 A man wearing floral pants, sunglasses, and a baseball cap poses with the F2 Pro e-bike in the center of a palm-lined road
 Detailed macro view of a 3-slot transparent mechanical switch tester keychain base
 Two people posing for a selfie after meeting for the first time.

--

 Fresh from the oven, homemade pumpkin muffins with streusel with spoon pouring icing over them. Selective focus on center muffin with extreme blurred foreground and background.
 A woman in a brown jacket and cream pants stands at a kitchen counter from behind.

- **WHAT THE TASK REQUIRES**: Print only what lies in the material above starting at the line with "A man wearing" and ending at the line with "Two people posing", every line exactly as given.

- **WRITTEN RESPONSE**:
 A man wearing floral pants, sunglasses, and a baseball cap poses with the F2 Pro e-bike in the center of a palm-lined road
 Detailed macro view of a 3-slot transparent mechanical switch tester keychain base
 Two people posing for a selfie after meeting for the first time.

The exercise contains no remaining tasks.